In this exercise, set down every entry that follows exactly as it appears.

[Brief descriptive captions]
######

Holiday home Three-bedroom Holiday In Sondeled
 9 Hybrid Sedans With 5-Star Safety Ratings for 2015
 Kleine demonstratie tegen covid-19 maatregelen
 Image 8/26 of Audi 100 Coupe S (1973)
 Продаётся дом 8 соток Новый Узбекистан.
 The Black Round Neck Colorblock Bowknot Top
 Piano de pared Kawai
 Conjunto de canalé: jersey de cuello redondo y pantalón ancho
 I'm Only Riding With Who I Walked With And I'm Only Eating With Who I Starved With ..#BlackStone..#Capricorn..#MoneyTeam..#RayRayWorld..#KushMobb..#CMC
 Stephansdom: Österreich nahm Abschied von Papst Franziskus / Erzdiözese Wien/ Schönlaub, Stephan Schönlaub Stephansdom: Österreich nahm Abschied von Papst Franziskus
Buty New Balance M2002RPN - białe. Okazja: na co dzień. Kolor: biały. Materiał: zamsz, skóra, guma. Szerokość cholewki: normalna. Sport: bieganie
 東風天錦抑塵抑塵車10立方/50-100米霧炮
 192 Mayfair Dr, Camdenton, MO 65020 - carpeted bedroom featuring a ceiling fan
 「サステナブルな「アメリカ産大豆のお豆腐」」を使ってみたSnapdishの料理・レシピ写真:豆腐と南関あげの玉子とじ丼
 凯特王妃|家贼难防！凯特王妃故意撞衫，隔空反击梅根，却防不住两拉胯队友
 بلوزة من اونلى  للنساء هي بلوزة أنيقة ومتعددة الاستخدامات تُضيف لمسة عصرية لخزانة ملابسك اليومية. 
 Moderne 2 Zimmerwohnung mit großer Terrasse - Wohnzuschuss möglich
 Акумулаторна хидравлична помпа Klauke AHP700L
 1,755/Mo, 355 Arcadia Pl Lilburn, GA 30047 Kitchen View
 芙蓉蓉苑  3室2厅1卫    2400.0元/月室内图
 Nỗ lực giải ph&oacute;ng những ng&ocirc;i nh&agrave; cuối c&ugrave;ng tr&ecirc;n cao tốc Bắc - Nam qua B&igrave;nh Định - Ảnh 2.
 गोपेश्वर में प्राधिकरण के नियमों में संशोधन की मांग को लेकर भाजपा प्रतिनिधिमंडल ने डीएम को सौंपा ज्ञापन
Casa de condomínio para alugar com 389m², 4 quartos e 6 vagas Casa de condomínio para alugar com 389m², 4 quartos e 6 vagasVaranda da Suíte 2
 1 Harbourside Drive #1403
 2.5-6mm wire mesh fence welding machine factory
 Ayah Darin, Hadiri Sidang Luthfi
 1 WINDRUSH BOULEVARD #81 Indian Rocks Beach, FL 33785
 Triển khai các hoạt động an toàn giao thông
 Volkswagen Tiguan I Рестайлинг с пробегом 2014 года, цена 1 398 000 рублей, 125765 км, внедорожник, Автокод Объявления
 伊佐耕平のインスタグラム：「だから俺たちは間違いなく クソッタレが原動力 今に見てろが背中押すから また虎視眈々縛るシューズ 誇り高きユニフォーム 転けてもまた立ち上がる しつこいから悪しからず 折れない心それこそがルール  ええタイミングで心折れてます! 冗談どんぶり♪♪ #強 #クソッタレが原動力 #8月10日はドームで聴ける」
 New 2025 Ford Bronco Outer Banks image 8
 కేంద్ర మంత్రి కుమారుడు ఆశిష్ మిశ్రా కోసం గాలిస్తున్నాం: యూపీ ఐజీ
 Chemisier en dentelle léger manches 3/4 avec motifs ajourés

######

## Solution to this task
Holiday home Three-bedroom Holiday In Sondeled
 9 Hybrid Sedans With 5-Star Safety Ratings for 2015
 Kleine demonstratie tegen covid-19 maatregelen
 Image 8/26 of Audi 100 Coupe S (1973)
 Продаётся дом 8 соток Новый Узбекистан.
 The Black Round Neck Colorblock Bowknot Top
 Piano de pared Kawai
 Conjunto de canalé: jersey de cuello redondo y pantalón ancho
 I'm Only Riding With Who I Walked With And I'm Only Eating With Who I Starved With ..#BlackStone..#Capricorn..#MoneyTeam..#RayRayWorld..#KushMobb..#CMC
 Stephansdom: Österreich nahm Abschied von Papst Franziskus / Erzdiözese Wien/ Schönlaub, Stephan Schönlaub Stephansdom: Österreich nahm Abschied von Papst Franziskus
Buty New Balance M2002RPN - białe. Okazja: na co dzień. Kolor: biały. Materiał: zamsz, skóra, guma. Szerokość cholewki: normalna. Sport: bieganie
 東風天錦抑塵抑塵車10立方/50-100米霧炮
 192 Mayfair Dr, Camdenton, MO 65020 - carpeted bedroom featuring a ceiling fan
 「サステナブルな「アメリカ産大豆のお豆腐」」を使ってみたSnapdishの料理・レシピ写真:豆腐と南関あげの玉子とじ丼
 凯特王妃|家贼难防！凯特王妃故意撞衫，隔空反击梅根，却防不住两拉胯队友
 بلوزة من اونلى  للنساء هي بلوزة أنيقة ومتعددة الاستخدامات تُضيف لمسة عصرية لخزانة ملابسك اليومية. 
 Moderne 2 Zimmerwohnung mit großer Terrasse - Wohnzuschuss möglich
 Акумулаторна хидравлична помпа Klauke AHP700L
 1,755/Mo, 355 Arcadia Pl Lilburn, GA 30047 Kitchen View
 芙蓉蓉苑  3室2厅1卫    2400.0元/月室内图
 Nỗ lực giải ph&oacute;ng những ng&ocirc;i nh&agrave; cuối c&ugrave;ng tr&ecirc;n cao tốc Bắc - Nam qua B&igrave;nh Định - Ảnh 2.
 गोपेश्वर में प्राधिकरण के नियमों में संशोधन की मांग को लेकर भाजपा प्रतिनिधिमंडल ने डीएम को सौंपा ज्ञापन
Casa de condomínio para alugar com 389m², 4 quartos e 6 vagas Casa de condomínio para alugar com 389m², 4 quartos e 6 vagasVaranda da Suíte 2
 1 Harbourside Drive #1403
 2.5-6mm wire mesh fence welding machine factory
 Ayah Darin, Hadiri Sidang Luthfi
 1 WINDRUSH BOULEVARD #81 Indian Rocks Beach, FL 33785
 Triển khai các hoạt động an toàn giao thông
 Volkswagen Tiguan I Рестайлинг с пробегом 2014 года, цена 1 398 000 рублей, 125765 км, внедорожник, Автокод Объявления
 伊佐耕平のインスタグラム：「だから俺たちは間違いなく クソッタレが原動力 今に見てろが背中押すから また虎視眈々縛るシューズ 誇り高きユニフォーム 転けてもまた立ち上がる しつこいから悪しからず 折れない心それこそがルール  ええタイミングで心折れてます! 冗談どんぶり♪♪ #強 #クソッタレが原動力 #8月10日はドームで聴ける」
 New 2025 Ford Bronco Outer Banks image 8
 కేంద్ర మంత్రి కుమారుడు ఆశిష్ మిశ్రా కోసం గాలిస్తున్నాం: యూపీ ఐజీ
 Chemisier en dentelle léger manches 3/4 avec motifs ajourés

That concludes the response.